The Dodgers are hoping for a big improvement from Pederson in his 2nd full year. Perhaps some minor adjustments to his swing or stance, and simply adapting to how pitchers approach him could make a difference. I don’t think anyone knows exactly what type of hitter Pederson will be at the major-league level just yet, but I suspect he’ll always have a fairly high strikeout rate, which is not ideal for your lead-off guy. However, the main job of a lead-off hitter is to get on base, and Pederson does that pretty good. Plus, I suspect he can improve that batting average at least a little bit from last year, which would only boost his OBP more.
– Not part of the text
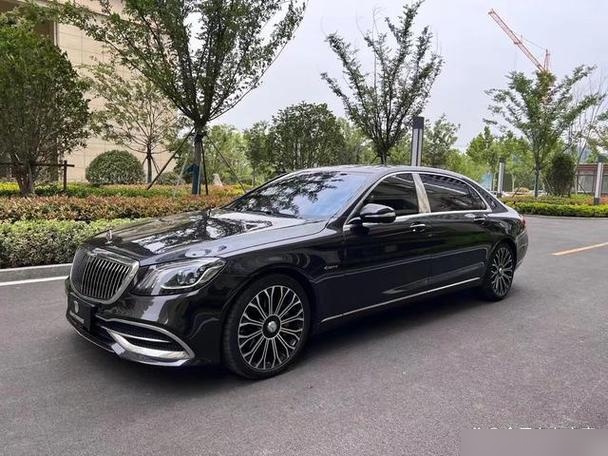 奔驰suv迈巴赫s450多少钱(奔驰迈巴赫s450l报价及介绍的视频)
Personally, I think Pederson would be best positioned somewhere between the #5-#7 spots in the lineup. I believe he will continue to develop at the plate, and has the power to hit 25-35 home runs a year. I’m just not sure his high K rate is an ideal fit to bat lead-off. But maybe Roberts and the Dodgers will give him another shot there this year.
1. Yasiel Puig:
Like Pederson, Puig will be looking for a bounce-back year in 2016. Injuries limited him to just 79 games in 2015, but even when Puig was in the lineup, he never really got going offensively. He finished the year batting .255 with a .322 OBP and 11 home runs. In his brief 2 ½ year career, Puig has hit .294 with a .371 OBP. Puig has raw speed, but hasn’t developed into a great base-runner just yet. On the contrary, he’s actually had some troubles on the base paths. While he has the potential to steal some bases, he’s never stole more than 11 in a season.
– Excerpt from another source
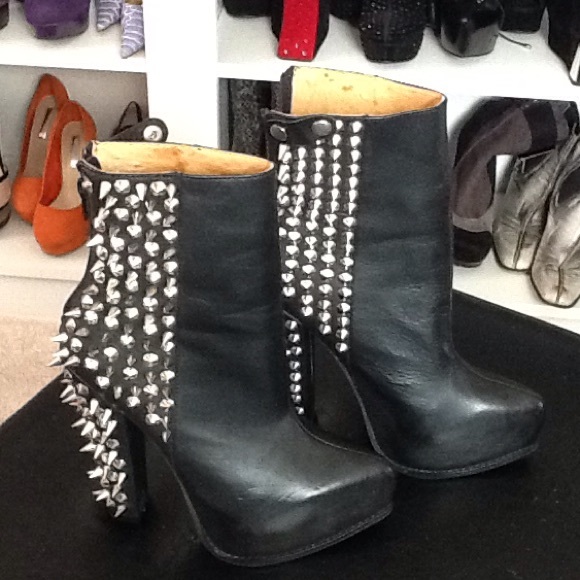 Spike boots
The main question with Puig is whether he’ll return to the hitter that the Dodgers saw when he first came up in 2013, or if he’ll continue to put up the kind of numbers from last year, where he struggled to find consistency. If it’s the former, Puig could be a good candidate to bat lead-off. However, I think he has the potential to be a middle-of-the-order type bat, and someone you might want to plug into the #3 hole, where he’d have more opportunities to drive in runs. But given the options (or lack thereof) the Dodgers have, they might be inclined to try Puig at lead-off.
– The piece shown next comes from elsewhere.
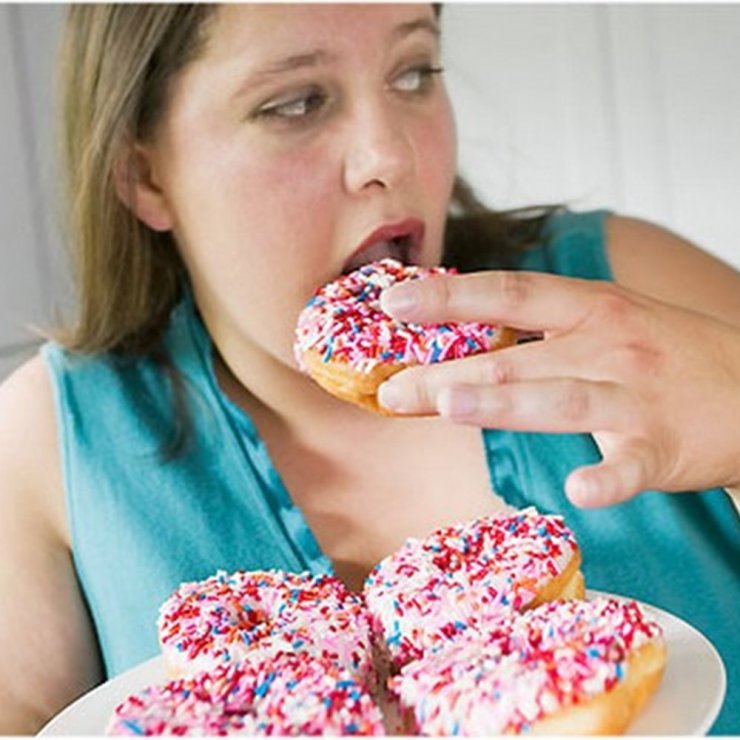 Ο απίστευτος λόγος που κάνει τις γυναίκες παχύσαρκες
Other options besides the ones mentioned here are also available to Dave Roberts. Maybe he likes Justin Turner leading off. Or, maybe he goes with a “committee” type approach to the lead-off spot, where different players bat there depending on the match-up for that particular game. One thing seems certain: the Dodgers may not have an ideal lead-off hitter again this year, but they do have capable options available. Which option they go with, however, is anyone’s guess at this point.